Too many teams understand this perfectly when it comes to selling easy-to-use software to their customers, and not at all when it comes to making their own product easier, or sometimes even possible, for their own team members to work on effectively.

Many companies want to have their cake and eat it too. They want to build on top of, and make money from, the many ways in which others have wrangled complexity for them. They very rarely want to worry about wrangling it themselves. They want to build, build, build. They want to be feature factories. (Read this thread for a great deep dive into why that’s not the only approach startups should consider.)

Again, the more of a feature factory you are, and the faster your complexity grows without being managed, the more damaging it becomes. And the harder it is to stay in front of it. And the less feasible it is, after a while, to even get in front of it.

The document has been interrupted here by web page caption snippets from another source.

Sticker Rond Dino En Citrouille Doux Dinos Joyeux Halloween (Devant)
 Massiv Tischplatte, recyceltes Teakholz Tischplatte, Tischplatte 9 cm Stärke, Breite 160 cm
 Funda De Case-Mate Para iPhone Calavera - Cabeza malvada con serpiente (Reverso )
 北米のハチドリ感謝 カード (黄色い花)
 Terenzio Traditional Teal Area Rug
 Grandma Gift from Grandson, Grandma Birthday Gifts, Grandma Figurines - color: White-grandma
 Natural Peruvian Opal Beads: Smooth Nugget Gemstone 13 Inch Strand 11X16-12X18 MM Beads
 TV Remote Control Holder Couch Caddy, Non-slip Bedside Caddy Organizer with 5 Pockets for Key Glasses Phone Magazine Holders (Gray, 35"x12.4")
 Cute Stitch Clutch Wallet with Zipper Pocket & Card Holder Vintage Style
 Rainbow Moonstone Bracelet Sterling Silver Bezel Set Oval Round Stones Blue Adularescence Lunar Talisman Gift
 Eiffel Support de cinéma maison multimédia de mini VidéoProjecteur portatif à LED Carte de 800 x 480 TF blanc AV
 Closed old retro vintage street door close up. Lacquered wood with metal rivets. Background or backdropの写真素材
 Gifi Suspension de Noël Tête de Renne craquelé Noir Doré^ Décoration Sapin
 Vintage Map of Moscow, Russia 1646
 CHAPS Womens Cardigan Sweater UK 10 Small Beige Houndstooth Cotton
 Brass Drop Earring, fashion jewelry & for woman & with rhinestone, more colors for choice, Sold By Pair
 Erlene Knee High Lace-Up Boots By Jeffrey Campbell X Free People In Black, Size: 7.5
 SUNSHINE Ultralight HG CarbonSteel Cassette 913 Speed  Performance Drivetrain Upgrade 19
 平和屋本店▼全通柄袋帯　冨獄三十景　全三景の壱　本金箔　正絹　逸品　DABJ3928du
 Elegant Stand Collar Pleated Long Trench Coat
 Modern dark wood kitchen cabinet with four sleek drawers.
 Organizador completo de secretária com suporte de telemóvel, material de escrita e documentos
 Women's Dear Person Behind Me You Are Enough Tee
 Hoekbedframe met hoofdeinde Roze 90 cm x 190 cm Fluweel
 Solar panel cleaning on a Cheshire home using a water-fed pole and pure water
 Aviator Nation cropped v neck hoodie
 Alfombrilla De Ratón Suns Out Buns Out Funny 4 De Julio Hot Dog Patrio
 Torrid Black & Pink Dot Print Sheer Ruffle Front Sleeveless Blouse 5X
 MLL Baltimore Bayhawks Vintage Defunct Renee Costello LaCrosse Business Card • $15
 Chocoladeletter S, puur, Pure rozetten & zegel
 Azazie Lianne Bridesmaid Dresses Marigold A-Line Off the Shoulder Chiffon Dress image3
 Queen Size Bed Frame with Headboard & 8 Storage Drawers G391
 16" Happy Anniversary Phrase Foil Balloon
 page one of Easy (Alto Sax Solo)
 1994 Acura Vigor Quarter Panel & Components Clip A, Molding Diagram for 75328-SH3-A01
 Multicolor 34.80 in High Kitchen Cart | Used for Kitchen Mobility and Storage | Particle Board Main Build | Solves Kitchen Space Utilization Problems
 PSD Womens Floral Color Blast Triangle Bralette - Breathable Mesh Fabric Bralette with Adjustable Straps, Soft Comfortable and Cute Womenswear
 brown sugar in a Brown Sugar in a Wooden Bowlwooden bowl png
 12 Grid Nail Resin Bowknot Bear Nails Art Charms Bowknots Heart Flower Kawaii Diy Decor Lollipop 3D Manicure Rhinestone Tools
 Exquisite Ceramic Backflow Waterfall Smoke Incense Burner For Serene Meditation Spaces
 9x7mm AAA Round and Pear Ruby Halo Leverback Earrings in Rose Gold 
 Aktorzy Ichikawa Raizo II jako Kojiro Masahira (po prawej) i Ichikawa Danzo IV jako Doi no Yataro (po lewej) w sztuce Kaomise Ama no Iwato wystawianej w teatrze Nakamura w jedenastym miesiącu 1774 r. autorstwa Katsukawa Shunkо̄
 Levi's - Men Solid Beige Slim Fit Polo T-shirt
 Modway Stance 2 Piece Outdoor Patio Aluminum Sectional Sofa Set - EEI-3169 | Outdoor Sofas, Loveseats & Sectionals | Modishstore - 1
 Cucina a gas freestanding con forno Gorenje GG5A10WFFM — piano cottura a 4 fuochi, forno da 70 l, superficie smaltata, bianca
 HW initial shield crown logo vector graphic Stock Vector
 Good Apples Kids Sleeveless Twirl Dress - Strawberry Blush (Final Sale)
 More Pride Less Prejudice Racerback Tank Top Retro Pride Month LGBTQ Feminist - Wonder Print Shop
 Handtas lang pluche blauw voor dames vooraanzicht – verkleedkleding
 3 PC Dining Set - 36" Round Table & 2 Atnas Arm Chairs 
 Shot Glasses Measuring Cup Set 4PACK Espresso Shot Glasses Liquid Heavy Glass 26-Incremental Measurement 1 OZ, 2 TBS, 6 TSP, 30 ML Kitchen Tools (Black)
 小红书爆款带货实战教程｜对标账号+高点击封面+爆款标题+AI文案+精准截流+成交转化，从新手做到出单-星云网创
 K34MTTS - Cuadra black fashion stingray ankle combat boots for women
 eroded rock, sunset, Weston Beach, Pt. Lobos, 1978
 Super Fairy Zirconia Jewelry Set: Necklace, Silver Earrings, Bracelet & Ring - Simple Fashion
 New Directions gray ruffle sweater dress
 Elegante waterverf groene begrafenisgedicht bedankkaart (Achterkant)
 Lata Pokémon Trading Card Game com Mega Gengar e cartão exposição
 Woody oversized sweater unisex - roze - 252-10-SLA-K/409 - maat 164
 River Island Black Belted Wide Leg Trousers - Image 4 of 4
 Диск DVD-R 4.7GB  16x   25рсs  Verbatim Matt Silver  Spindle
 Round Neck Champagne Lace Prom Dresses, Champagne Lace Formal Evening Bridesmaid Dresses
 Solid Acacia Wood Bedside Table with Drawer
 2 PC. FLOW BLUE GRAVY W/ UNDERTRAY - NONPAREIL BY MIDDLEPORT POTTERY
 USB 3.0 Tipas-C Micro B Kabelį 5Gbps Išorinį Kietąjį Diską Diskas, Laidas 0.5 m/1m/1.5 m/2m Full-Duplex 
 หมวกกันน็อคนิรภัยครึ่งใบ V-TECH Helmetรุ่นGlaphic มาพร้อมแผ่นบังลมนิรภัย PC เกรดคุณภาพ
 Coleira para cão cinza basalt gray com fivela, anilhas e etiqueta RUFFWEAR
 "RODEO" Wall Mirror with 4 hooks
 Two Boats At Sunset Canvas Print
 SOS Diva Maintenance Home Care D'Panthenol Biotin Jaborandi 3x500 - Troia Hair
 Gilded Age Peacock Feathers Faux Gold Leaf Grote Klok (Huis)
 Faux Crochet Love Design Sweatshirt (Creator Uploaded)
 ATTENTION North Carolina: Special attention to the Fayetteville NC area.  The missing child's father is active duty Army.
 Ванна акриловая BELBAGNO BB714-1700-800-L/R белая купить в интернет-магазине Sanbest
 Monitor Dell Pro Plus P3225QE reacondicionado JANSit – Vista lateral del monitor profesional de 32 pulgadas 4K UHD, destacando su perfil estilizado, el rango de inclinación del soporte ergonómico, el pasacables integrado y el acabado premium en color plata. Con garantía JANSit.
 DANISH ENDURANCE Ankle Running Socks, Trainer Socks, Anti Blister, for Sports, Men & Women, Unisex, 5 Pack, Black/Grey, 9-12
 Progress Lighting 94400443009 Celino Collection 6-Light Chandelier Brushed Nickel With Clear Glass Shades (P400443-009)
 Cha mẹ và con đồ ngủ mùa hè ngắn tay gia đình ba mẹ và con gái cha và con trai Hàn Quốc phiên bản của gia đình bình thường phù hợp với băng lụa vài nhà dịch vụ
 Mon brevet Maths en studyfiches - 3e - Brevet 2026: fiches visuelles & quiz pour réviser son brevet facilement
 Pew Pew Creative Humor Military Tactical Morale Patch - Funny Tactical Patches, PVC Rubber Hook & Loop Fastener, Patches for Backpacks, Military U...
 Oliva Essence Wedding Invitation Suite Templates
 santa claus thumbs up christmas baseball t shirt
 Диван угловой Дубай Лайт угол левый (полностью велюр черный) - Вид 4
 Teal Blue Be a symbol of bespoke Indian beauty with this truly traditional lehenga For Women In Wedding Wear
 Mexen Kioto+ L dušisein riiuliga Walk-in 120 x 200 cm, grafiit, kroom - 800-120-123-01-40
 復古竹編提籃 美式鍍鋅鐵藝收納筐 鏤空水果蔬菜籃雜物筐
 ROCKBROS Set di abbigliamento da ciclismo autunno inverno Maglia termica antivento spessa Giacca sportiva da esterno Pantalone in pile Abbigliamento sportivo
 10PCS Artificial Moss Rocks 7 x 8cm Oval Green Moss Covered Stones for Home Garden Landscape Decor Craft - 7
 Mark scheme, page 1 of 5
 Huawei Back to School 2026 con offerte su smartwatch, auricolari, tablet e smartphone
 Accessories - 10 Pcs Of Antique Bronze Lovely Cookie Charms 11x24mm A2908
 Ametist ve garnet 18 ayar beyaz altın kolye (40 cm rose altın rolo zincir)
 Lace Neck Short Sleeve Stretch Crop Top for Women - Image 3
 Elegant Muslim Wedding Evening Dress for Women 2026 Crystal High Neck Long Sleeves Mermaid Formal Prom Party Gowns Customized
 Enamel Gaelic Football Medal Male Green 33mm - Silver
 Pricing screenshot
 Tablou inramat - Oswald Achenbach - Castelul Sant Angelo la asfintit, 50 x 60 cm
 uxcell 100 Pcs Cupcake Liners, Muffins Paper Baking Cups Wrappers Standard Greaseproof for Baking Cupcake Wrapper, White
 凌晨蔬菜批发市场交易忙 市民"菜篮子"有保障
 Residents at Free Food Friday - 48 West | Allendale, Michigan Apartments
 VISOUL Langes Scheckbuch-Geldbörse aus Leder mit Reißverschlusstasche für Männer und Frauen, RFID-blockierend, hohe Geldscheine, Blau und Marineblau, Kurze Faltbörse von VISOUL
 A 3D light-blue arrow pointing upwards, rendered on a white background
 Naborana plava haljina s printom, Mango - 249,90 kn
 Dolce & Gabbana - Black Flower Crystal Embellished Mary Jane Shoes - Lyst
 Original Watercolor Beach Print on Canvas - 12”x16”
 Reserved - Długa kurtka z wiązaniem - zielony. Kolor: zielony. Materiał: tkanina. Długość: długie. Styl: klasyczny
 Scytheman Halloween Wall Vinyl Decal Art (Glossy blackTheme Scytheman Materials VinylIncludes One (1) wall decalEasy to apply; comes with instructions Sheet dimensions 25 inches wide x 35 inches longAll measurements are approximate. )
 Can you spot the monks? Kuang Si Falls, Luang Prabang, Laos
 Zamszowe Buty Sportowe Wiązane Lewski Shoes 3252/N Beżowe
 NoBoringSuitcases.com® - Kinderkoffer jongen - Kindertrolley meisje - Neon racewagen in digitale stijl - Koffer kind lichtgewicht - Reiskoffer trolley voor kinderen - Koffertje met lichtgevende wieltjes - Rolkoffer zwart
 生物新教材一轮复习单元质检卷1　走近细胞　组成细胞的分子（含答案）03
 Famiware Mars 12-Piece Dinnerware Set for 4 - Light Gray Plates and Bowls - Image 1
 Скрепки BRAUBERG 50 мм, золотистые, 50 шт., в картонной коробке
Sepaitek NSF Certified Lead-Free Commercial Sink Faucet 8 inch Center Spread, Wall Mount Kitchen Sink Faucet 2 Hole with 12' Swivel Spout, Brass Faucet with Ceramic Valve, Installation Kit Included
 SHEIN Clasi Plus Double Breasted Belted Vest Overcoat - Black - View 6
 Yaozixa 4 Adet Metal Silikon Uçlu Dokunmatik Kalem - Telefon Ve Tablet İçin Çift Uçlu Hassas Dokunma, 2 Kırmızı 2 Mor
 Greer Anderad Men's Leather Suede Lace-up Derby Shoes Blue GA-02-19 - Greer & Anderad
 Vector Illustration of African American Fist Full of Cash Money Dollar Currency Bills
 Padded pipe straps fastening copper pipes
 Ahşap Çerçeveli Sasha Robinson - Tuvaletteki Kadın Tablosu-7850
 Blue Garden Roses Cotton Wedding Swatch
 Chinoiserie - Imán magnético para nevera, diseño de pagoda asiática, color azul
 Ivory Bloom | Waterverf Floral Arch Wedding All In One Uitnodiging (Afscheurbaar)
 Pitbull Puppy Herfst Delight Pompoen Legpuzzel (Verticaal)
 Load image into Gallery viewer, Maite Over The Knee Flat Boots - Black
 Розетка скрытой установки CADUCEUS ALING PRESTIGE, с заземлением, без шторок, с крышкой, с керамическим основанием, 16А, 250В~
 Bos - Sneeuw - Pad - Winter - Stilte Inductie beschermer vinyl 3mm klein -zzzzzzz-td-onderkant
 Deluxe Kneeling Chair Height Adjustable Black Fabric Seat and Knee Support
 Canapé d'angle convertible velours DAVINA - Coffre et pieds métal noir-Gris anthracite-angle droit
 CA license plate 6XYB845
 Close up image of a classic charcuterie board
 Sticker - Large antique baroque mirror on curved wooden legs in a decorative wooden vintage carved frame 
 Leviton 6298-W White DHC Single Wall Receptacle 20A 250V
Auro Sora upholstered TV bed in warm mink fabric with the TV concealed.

It’s a sneaky, vicious cycle, and the concrete symptoms are ugly. Projects start blowing through their time estimates. Unnecessary work is done. Necessary work is redone. Team communication suffers. Employees burn out.

Improving each individual employee’s ability to handle complexity, even if that’s a good goal to have, is not a substitute for the real solutions. Your product’s internal complexity will still catch up to people’s cognitive load, even if they’re very smart.

You have to strengthen your team’s collective ability to wrangle any part of the product’s complexity. For a product to be worked on by a team, where people come and go, and frequently communicate with each other, you have to make the product itself, and the many ways people work on it, inherently less complex and easier to understand.

The people who can do this legwork — document, understand, and wrangle complexity — are out there. Many people, as crazy as it sounds, actually thrive on it.

There are some roles for it already, with job titles like “Technical Product Manager,” and luckily they’re growing more common, but they’re not common enough. Instead, practically all of the complexity I introduced at each level of this post is currently distributed across a mishmash of engineers, product managers, and designers, rather than being owned in full-time roles.

The collective need for changing this fact can manifest itself in many places — retrospective meetings, Slack discussions, 1:1s with managers, and offhand comments during daily standups, to name a few.

When it does, don’t let it be swept under the rug. Don’t let people make excuses for it or kick the can down the road. Take note and take action. If you do so, you won’t just keep the creeping vines of complexity at bay. You’ll build better features, and you’ll build them more quickly, and you’ll build them with a much, much happier team.